WSW, glad to hear you had fun with Mack. I really think dogs are my favorite creatures. So much love, so much soul!

Punkin, I think I failed to tell you how sorry I was about your step-father, in the midst of being happy you were back. So very sorry, Sweetie! But glad that you had that time with him that I'm sure you'll always treasure.

You're not alone in that weight gain thing that plagues us so -- I'd gotten down to 195 and then, inexplicably, at some point stopped weighing myself and ended up at 245. 50 pounds!!! Well, we're on our way down again, right?
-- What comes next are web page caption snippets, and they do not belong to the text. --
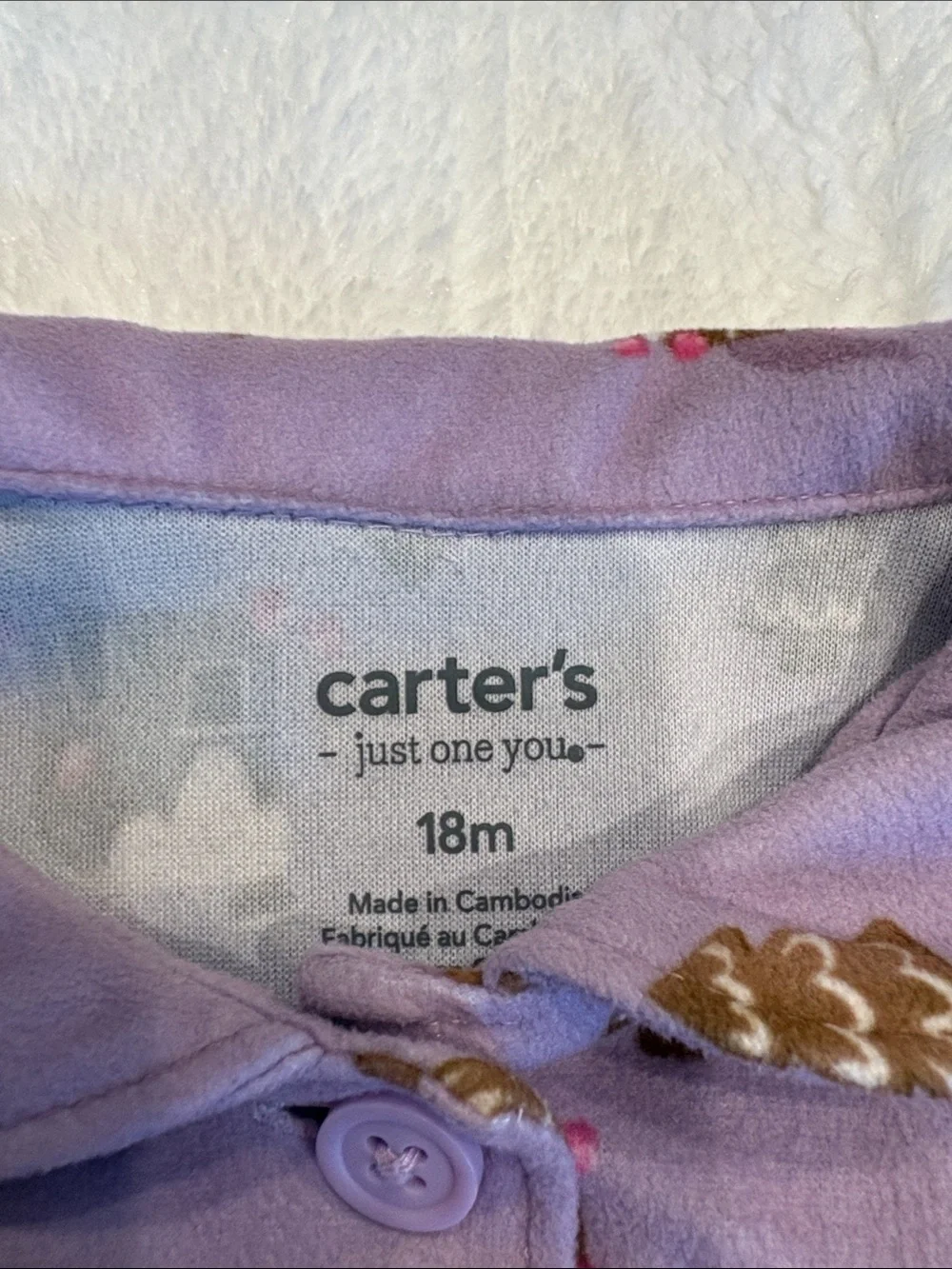 Carters two piece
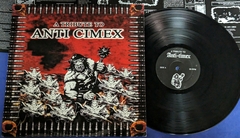 Anti Cimex - Tribute Lp 2005 Ratos de Porão Driller Killer Scum Noise Doom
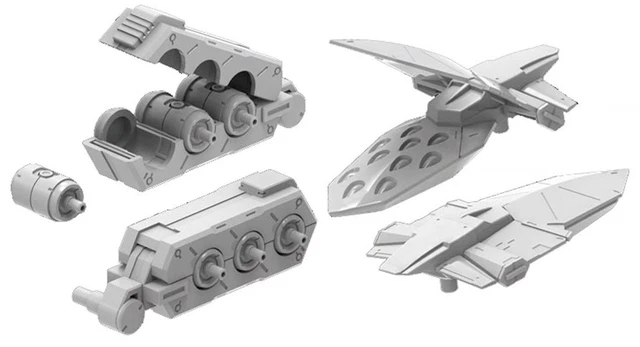 Builders Parts Hd Ms Funnel 01 1/144 - AA.VV.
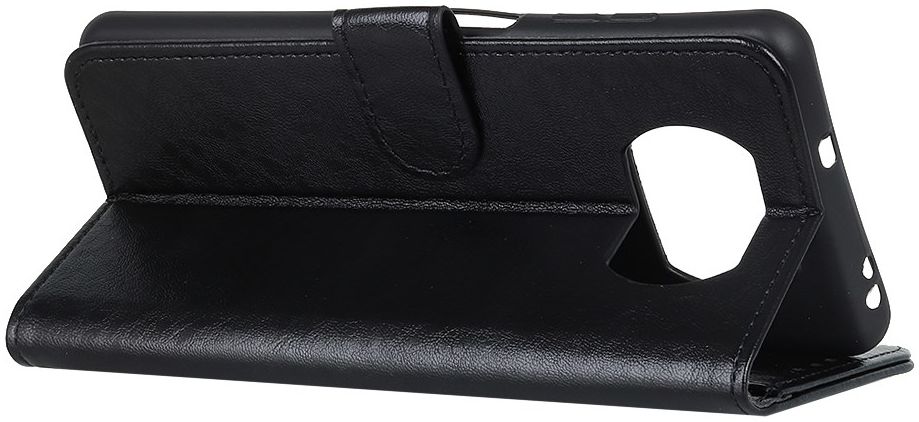 Xiaomi Poco X3 / X3 Pro Hoesje Book Case met Pasjes Kunstleer Zwart afbeelding 5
Kaylets, always makes me smile? That's gotta be my grandson! I must say though, that I'm smiling and laughing more and feeling just generally more sunny since I took up this Mayday challenge.

Wildfire, I do know just how you mean about being so glad to see your company both coming and going. Nice to have the house to yourself, huh!

Eydie, are there non-wheat recipes in that book? It sounds awfully good!

Anagram, Ceara, Momma Frogger, any others who doth lurk -- love to all! Let's make this a great day!


Last edited by Arabella; 04-22-2005 at 09:56 AM. Reason: Freudian slip: I put a "1" as the first number in my weight rather than the more accurate "2."
Arabella is offline  
Old 04-22-2005, 08:47 AM   #63  
wsw
Senior Member
 
wsw's Avatar
 
Join Date: May 2002
Location: southeast
Posts: 1,024

Default

what always makes me smile is my four-footed friend, mack. kaylets-the quote of the day sure resonates with me. my sense of humor and ability to laugh easily have certainly gotten me through some challenging times.

arabella-congratulations on your promotion! how wonderful! enjoy your vacation in ny---it sounds like it will be great.

well, i am off to do some errands before it heats up much more. i just wanted to say top of the morning to you all. take care.
wsw is offline  
Old 04-22-2005, 11:44 AM   #64  
Hot Stuff
 
Wildfire's Avatar
 
Join Date: Jul 2000
Location: Ontario, Canada
Posts: 1,166

Default

QOD: What always makes me smile is a "How is your day going?" e-mail from my Irishman...having a friend take the time during a busy work day to check in on me makes me smile all over.
Wildfire is offline  
Old 04-22-2005, 01:22 PM   #65  
HRH Arabella, Woods Nymph
 
Arabella's Avatar
 
Join Date: Feb 2000
Location: Canada
Posts: 2,670

S/C/G: 256/ticker/165

Height: 5'8

Default

Yeees. And if that friend happens to be a handsome and charming Irishman, it can't hurt either, right?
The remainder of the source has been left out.